Shuntaro Okuma

Posted on Feb 27 • Originally published at shuntaro-okuma.Medium

When More Examples Make Your LLM Worse: Discovering Few-Shot Collapse

#llm #opensource #ai #machinelearning

Here's something everyone agrees on about few-shot prompting: give the model more examples, it performs better.

I believed that too. Then I measured it.

So I built AdaptGauge, an open-source tool that measures how efficiently LLMs learn from few-shot examples.

What I tested

I evaluated eight models across four tasks designed to mirror real business scenarios, at shot counts of 0, 1, 2, 4, and 8:

Classification — Categorize customer support inquiries into one of 8 categories (billing, technical support, returns, etc.)
Code Fix — Identify and fix bugs in short Python functions (off-by-one errors, missing edge cases)
Summarization — Extract key points from Japanese news articles into bullet-point summaries
Route Optimization — Calculate optimal delivery routes across multiple destinations with time windows and fuel costs

Models tested:

Cloud APIs: Claude Haiku 4.5, Claude Opus 4.5, Gemini 2.5 Flash, Gemini 3 Flash, Gemini 3 Pro
Local models: Gemma 3 27B, GPT-OSS 120B, Qwen3-VL 8B

For each model-task pair, I also compared two example selection strategies:

Fixed — The same hand-picked examples used for every test input.
TF-IDF dynamic selection — For each test input, score all candidate examples by word-overlap similarity and pick the closest matches. The idea: examples that resemble the current input should help the model more. Tang et al. (2025) reported that combining this with stratified sampling achieves better performance with fewer examples.
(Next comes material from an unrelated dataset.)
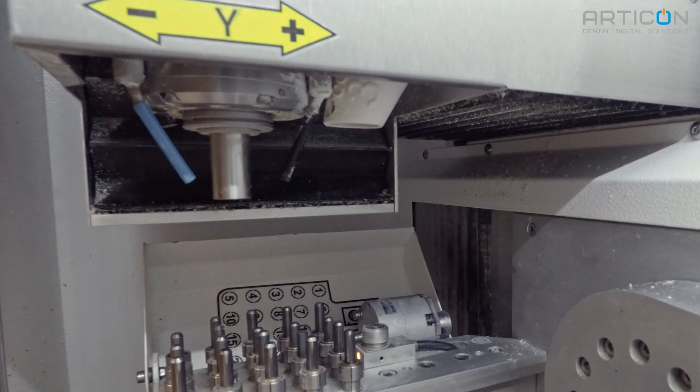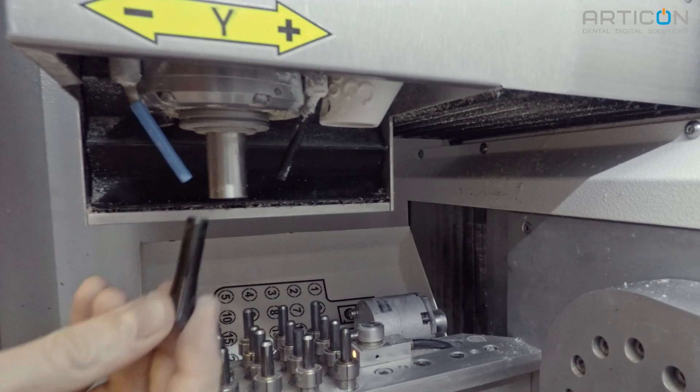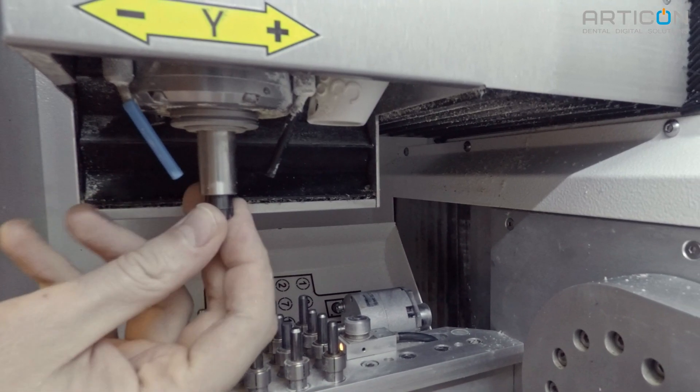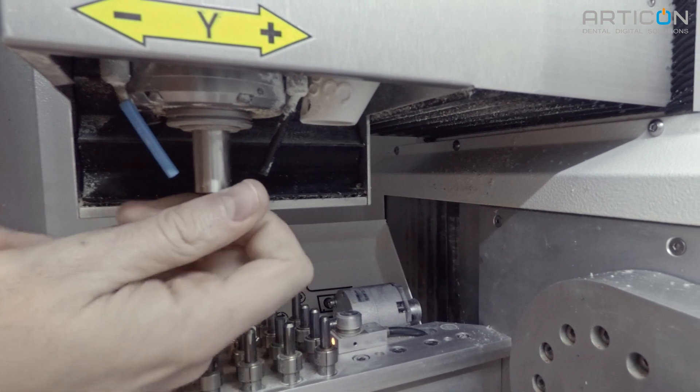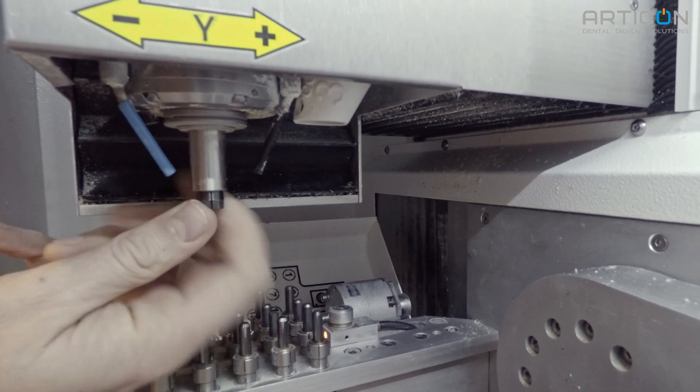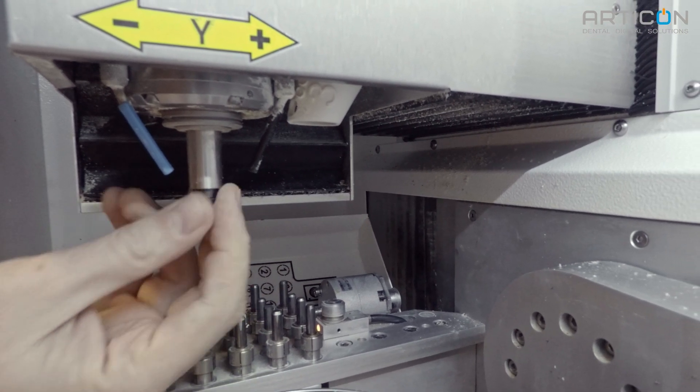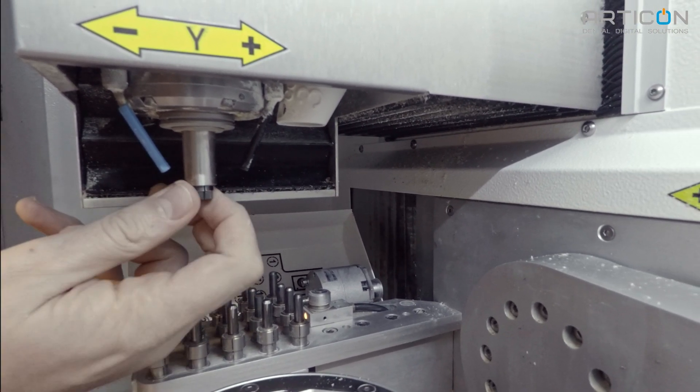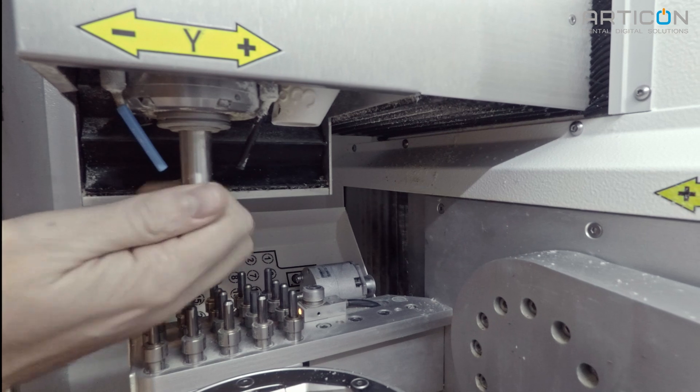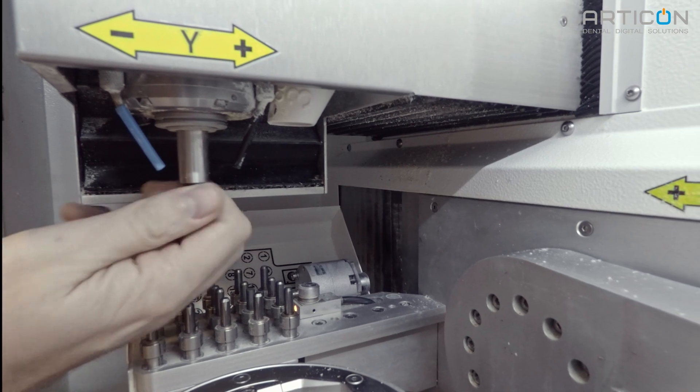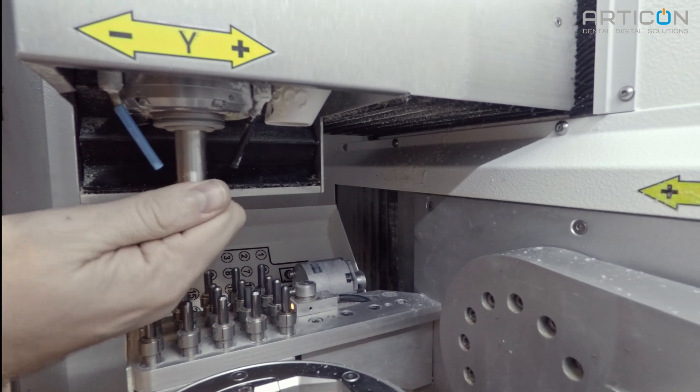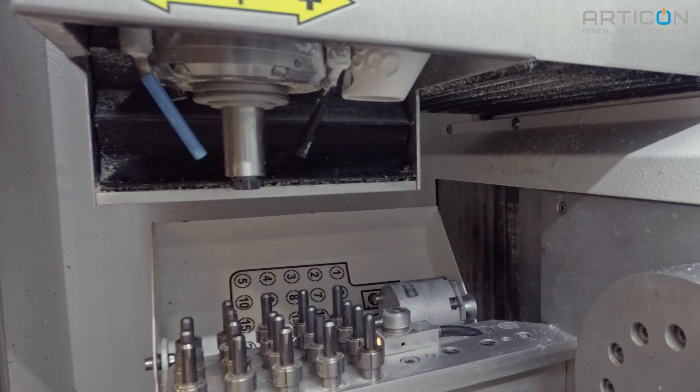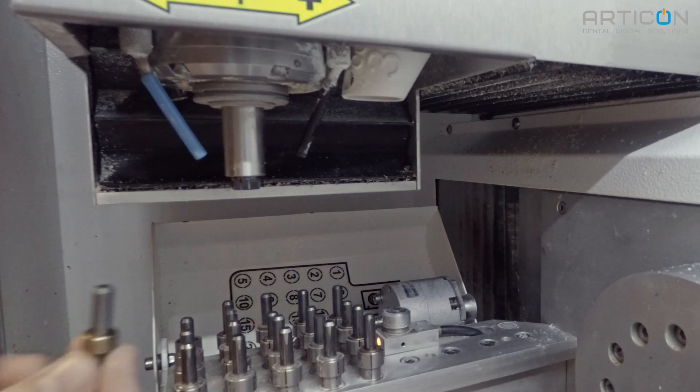Screw the collet back into the spindle shaft by hand up to the stop. If you are unable to screw the collet in by hand to the stop, you can use the collet removal tool but do not force it in. Stop as soon as you feel that it starts getting tight. Now make this test.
Full task definitions — including prompts, examples, and scoring rubrics — are in the demo task pack.

Most of the time, the results looked exactly like you'd expect. More examples, better scores. But not always.

Three patterns that break the assumption

Pattern 1: The model learns, then unlearns

On a route optimization task, Gemini 3 Flash scored 33% at zero-shot. Adding examples helped — performance climbed to 64% at 4-shot. Textbook behavior.

Then I added more. At 8-shot, the score crashed back to 33%. Right back where it started.

The model learned, then unlearned.

Four models improved steadily. One didn't. I call this peak regression — and you can't spot it without tracking the full learning curve.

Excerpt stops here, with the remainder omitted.